An exact copy of the lines of the listing below between the "Nahaufnahme eines braunen" line and the "Condominium for sale" line, both included, is the whole answer; please omit the pictures.

*Records to process*
▽

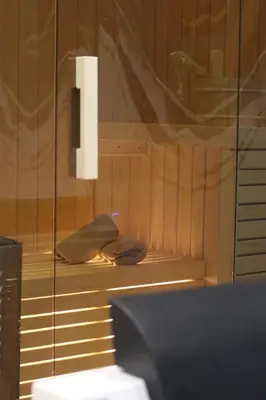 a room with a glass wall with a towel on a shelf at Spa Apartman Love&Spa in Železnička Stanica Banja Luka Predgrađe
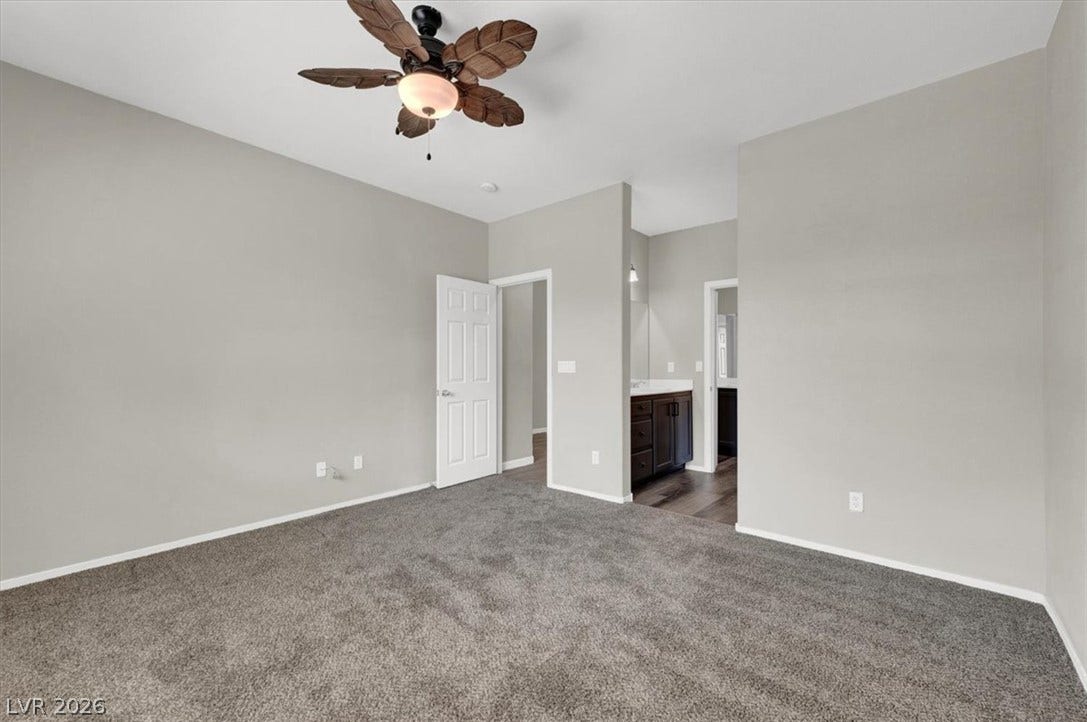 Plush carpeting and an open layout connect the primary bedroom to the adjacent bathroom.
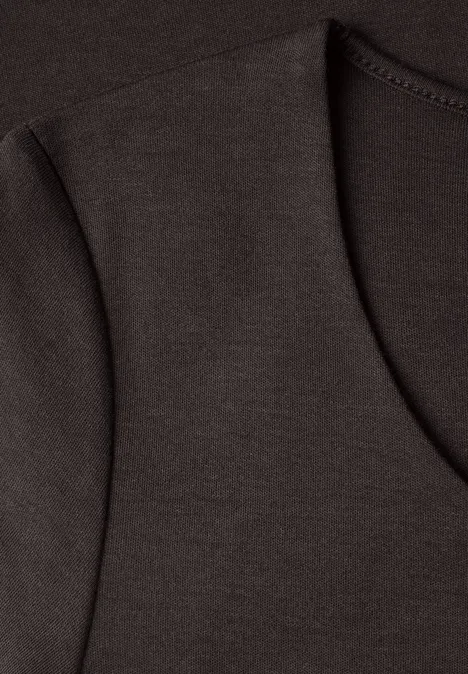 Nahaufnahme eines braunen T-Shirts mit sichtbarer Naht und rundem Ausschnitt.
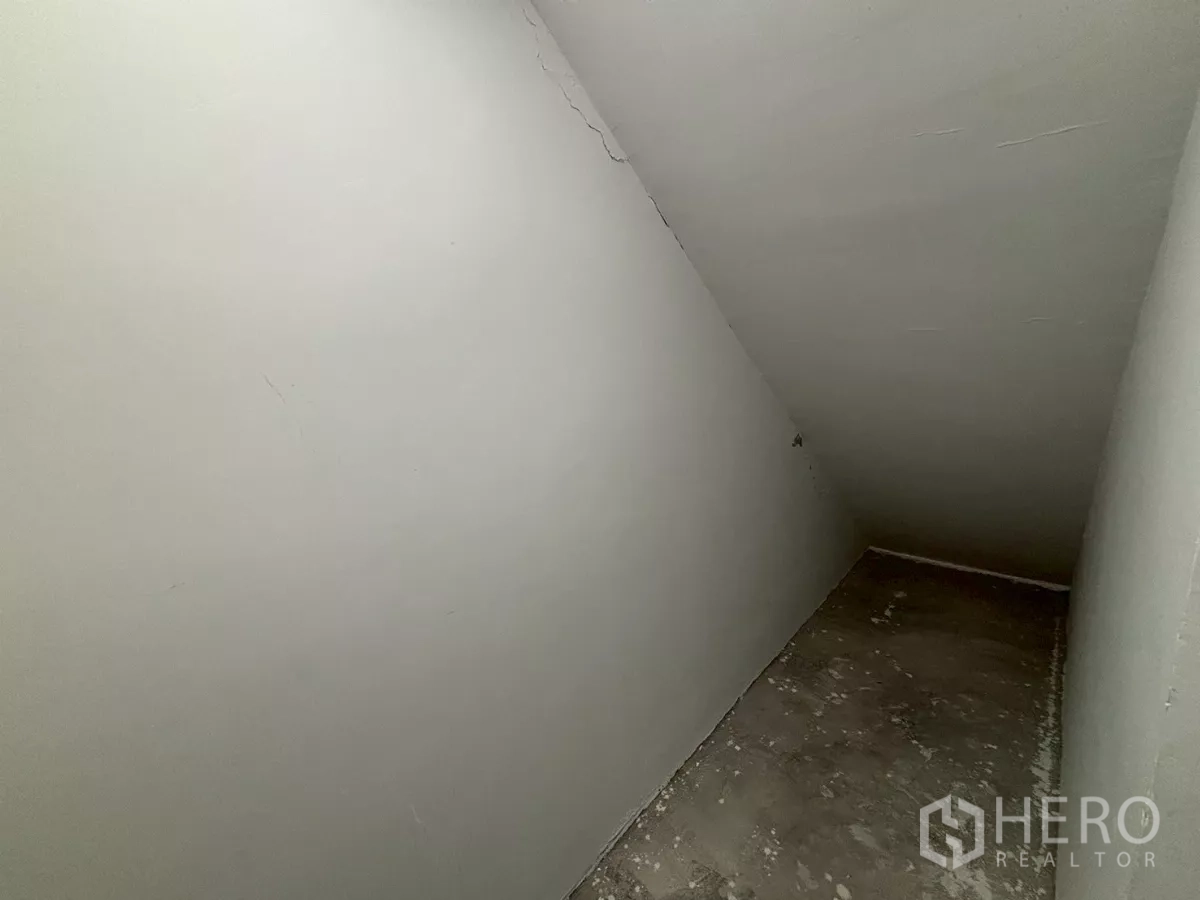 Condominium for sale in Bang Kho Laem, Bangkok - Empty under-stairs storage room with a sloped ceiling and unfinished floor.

△
▽

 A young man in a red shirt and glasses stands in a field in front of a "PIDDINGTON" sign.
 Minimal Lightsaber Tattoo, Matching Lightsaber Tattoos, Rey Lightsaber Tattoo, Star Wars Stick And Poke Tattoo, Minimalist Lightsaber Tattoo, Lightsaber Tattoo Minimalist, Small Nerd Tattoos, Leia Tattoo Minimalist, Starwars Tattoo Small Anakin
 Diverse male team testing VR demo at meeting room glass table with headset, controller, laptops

△
▽

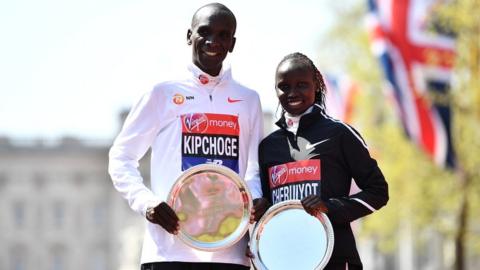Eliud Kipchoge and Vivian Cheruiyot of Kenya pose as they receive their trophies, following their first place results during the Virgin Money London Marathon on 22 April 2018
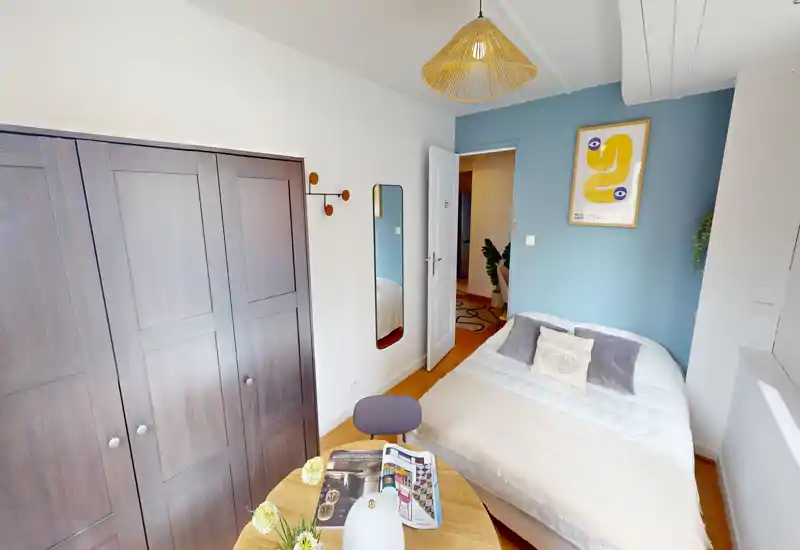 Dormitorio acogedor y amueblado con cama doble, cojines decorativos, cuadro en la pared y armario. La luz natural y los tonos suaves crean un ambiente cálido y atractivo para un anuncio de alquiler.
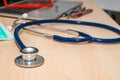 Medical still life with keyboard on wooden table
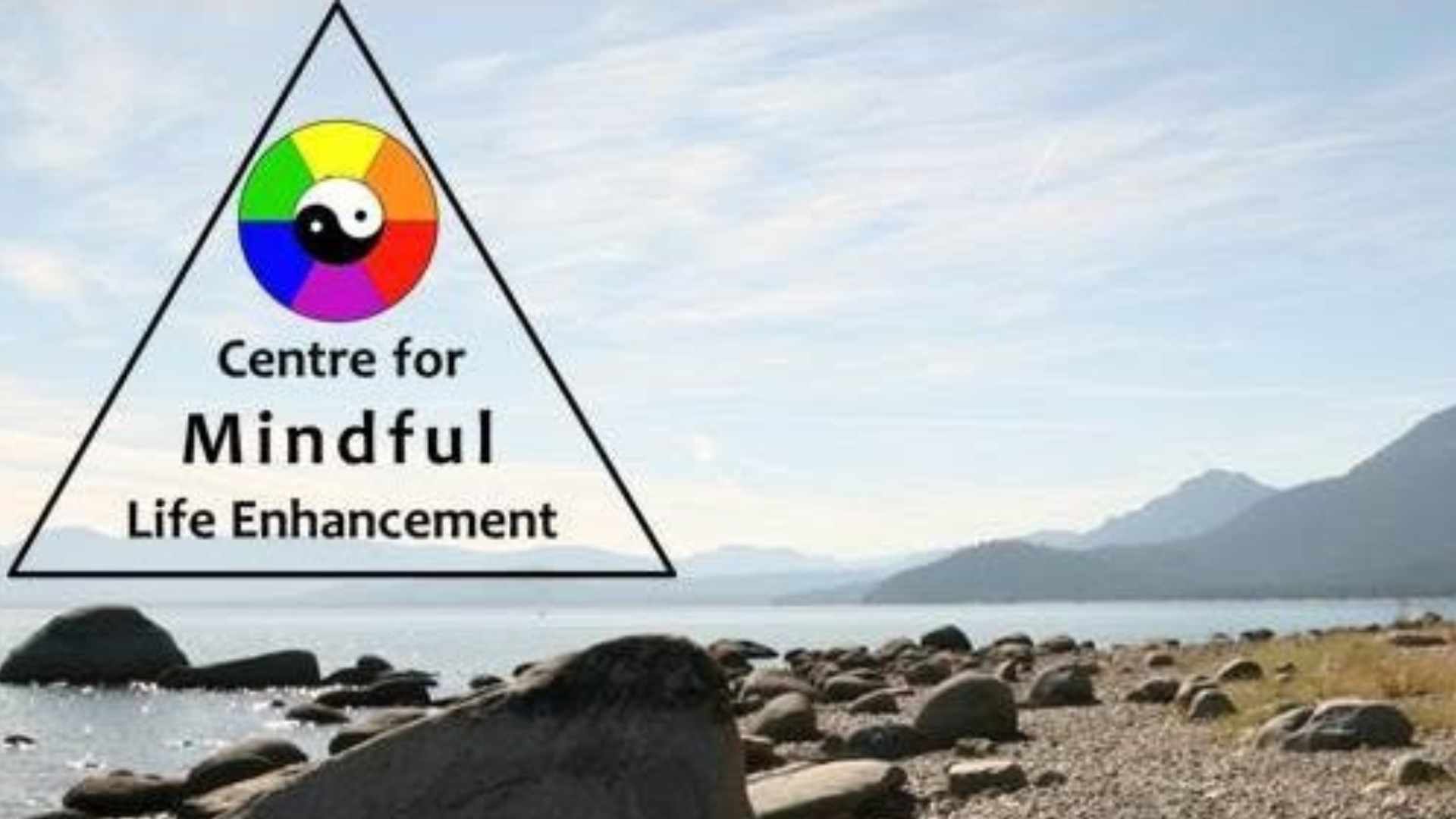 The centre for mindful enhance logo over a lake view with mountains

△

*Task output*
 Nahaufnahme eines braunen T-Shirts mit sichtbarer Naht und rundem Ausschnitt.
 Condominium for sale in Bang Kho Laem, Bangkok - Empty under-stairs storage room with a sloped ceiling and unfinished floor.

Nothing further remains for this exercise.